Gurcu (Gurka) was a Hungarian nobleman in the second half of the 11th century. He is the first known ispán of Esztergom County.

==Biography==

[...] In this conflict, Opos [...] overcame in single combat a most valiant warrior of the duke [Géza] whose name was Peter, and who on his chestnut charger rode out in front of the others, conspicuous in his shining breastplate and gilt helmet, challenging the warriors to combat. On his dun horse and in a hooded leather jerkin Opos charged forth alone from Solomon's ranks, and hurling himself upon Peter like a thunderbolt he shattered his breastplate with a blow of his lance and pierced him right through the heart. [...] Having gained the victory, the king crossed the frozen Tisza at Kotojd and took up lodging in the house of the son of Peter.
— Illuminated Chronicle

Gurcu was the son of Peter, a knight of Duke Géza, who claimed the Hungarian throne against his cousin King Solomon. Peter's lands in the eastern part of Pest County centered around Péteri, which was named after him. Several historians – e.g. Gyula Pauler, György Györffy, Elemér Mályusz, Gyula Kristó and Jenő Szűcs – claimed that this Peter is identical with Peter Aba, founder of the Százd Abbey. According to the Illuminated Chronicle, Peter was killed in a duel with the illustrious knight Opos the Brave in the Battle of Kemej on 26 February 1074, when Solomon's royal army routed Géza's troops. Thereafter, chasing Géza and his men, the royal army crossed the frozen Tisza at Kotojd and forced Peter's son Gurcu to shelter the soldiers in his manor at the nearby Péteri.
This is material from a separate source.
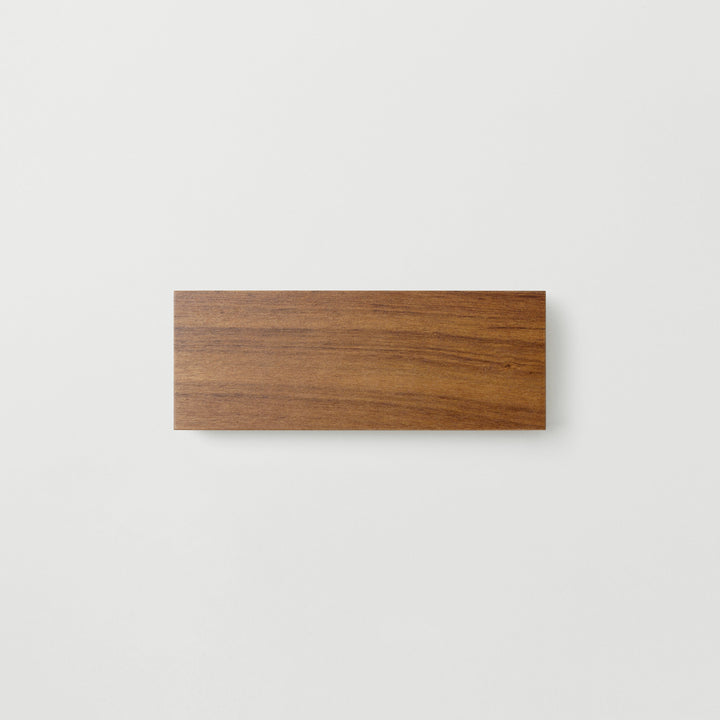 COUNTER / TABLE TOP サイン - キャッシュレス決済ブロック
Eventually, Géza I was victorious at the decisive Battle of Mogyoród on 14 March 1074. Gurcu was styled as ispán of Esztergom County in 1079, which meant the peak of his career and his family's influence. He appears in this capacity in a single charter, the last will and testament of knight Guden. Prior to the 1090s, Gurcu donated a nearby estate (later called Apáti) to the Pannonhalma Abbey with the consent of Ladislaus I of Hungary.

==Descendants==
The offspring of Peter and Gurcu still possessed lands around Péteri in the middle of the 13th century. They belonged to the local minor nobility. Oltumanus, son of Peter is referred to as "from the line of Count Gurcu" ("de genere Gurka comitis") by Béla IV in 1252, when the monarch granted a portion in Oszlár (today a borough of Sülysáp) in Pest County to Oltumanus for his participation in the 1250 war against the Duchy of Austria. In the upcoming decades, the kinship of Gurcu (also referred to as "nobiles de genere Petri") was involved in a lawsuit with the Dominican nuns of Rabbits' Island (later Margaret Island) over the estate Oszlár.